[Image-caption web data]
————————
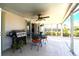 Covered patio features a grill, ceiling fan, seating area and access to the interior at 483 Corrientes Cir, Punta Gorda, FL 33983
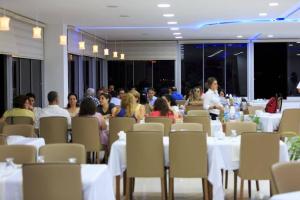 a group of people sitting at tables in a restaurant at AGZ Hotel in Dikili
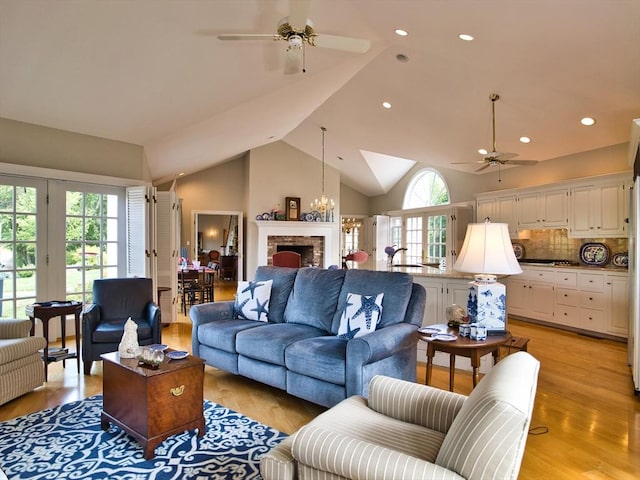 living room with ceiling fan with notable chandelier, light hardwood / wood-style flooring, and vaulted ceiling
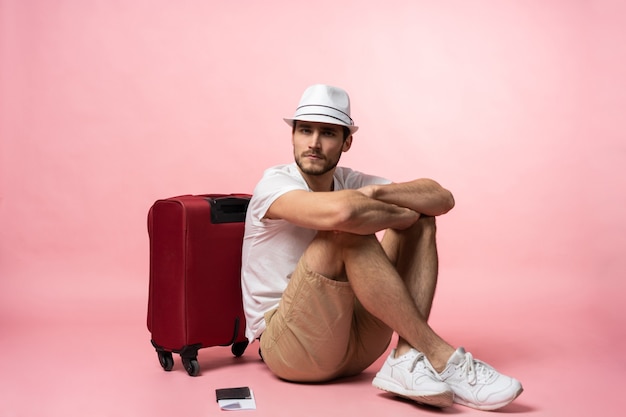 Esperando el vuelo. Viajero hombre sentado en el suelo con maleta.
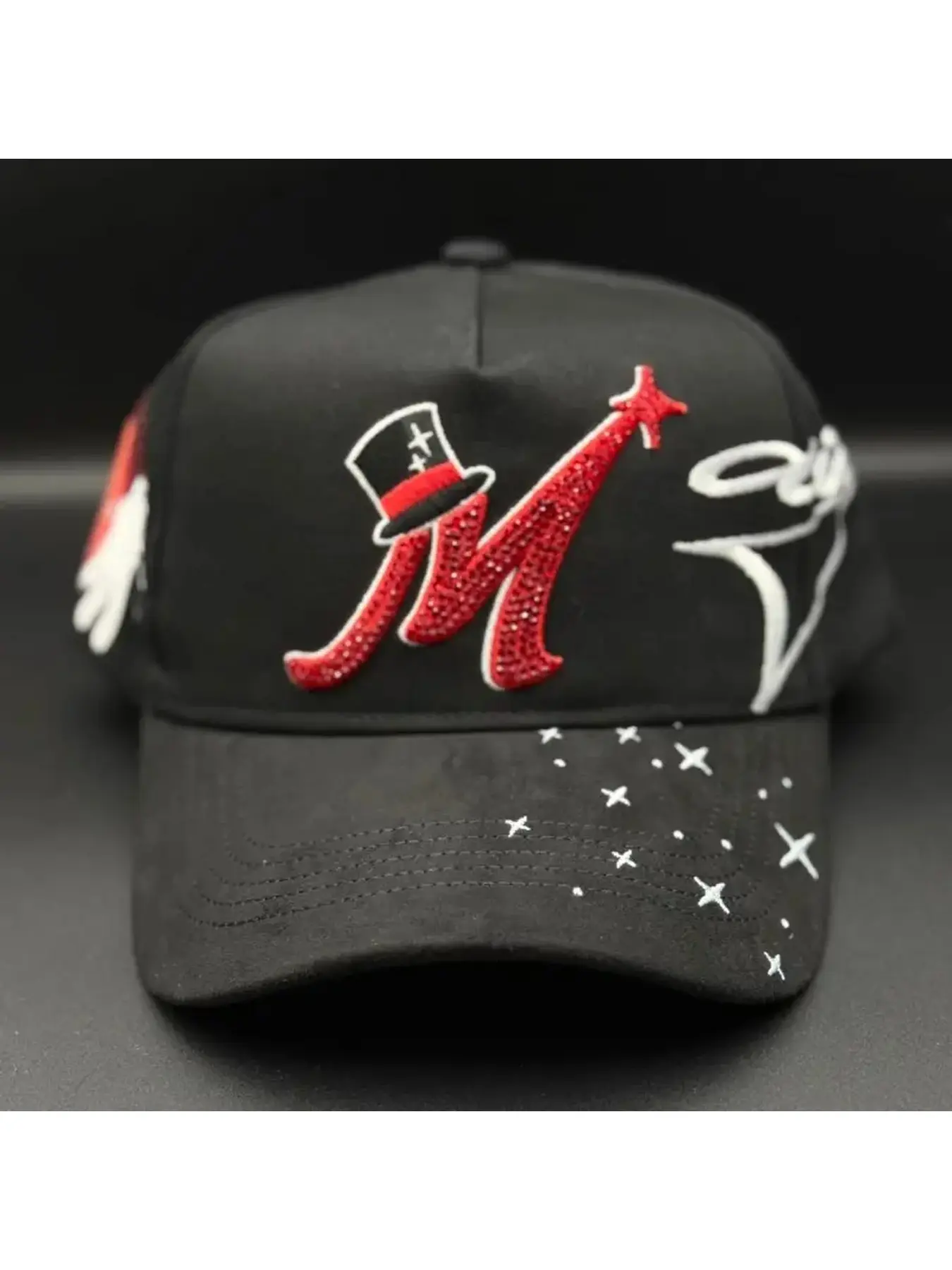 Daily hat selection. Quality 1:1. The hat features a red "M" design with white details on a black background.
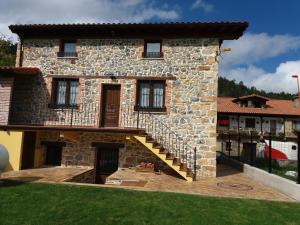 una casa de piedra con una escalera delante de ella en La Casuca, en Rasines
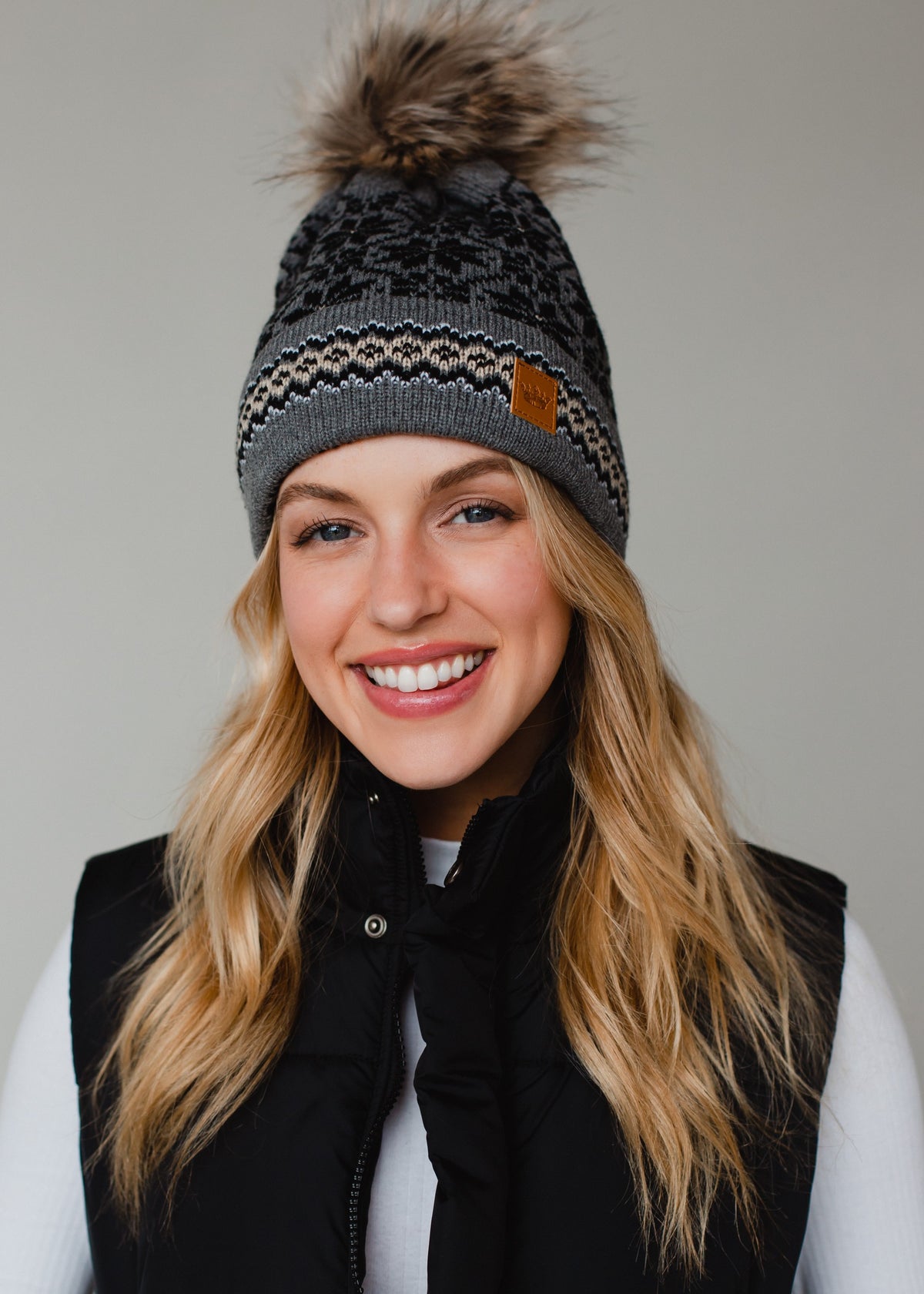 GREY, BLACK, AND TAN PATTERNED POM HAT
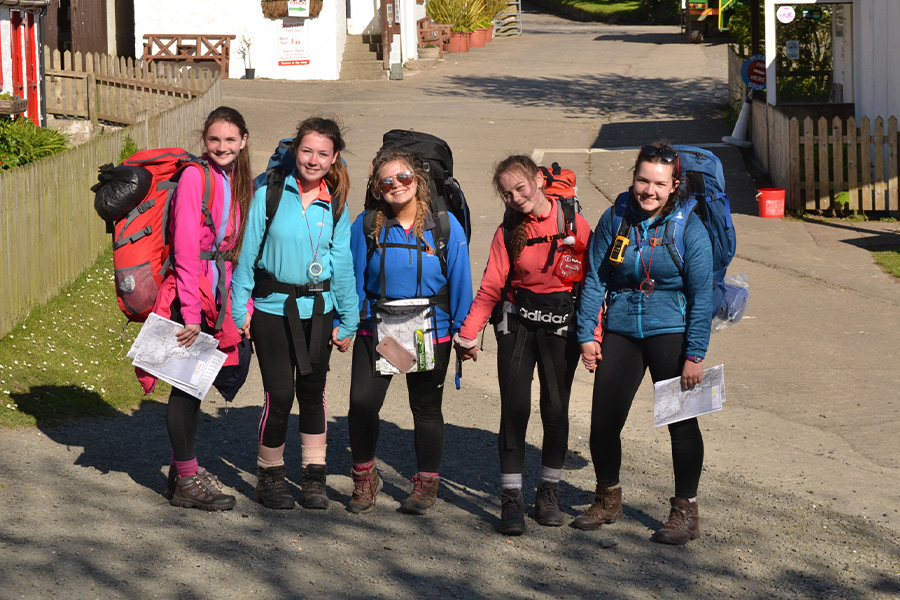 A group of teenage girls wearing packs and hiking boots.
————————
• [What you are asked to do]: Your answer must be the lines from the one containing "Esperando el vuelo." through the last line of the records, both included, written out exactly and without pictures.

• [Exercise result]:
 Esperando el vuelo. Viajero hombre sentado en el suelo con maleta.
 Daily hat selection. Quality 1:1. The hat features a red "M" design with white details on a black background.
 una casa de piedra con una escalera delante de ella en La Casuca, en Rasines
 GREY, BLACK, AND TAN PATTERNED POM HAT
 A group of teenage girls wearing packs and hiking boots.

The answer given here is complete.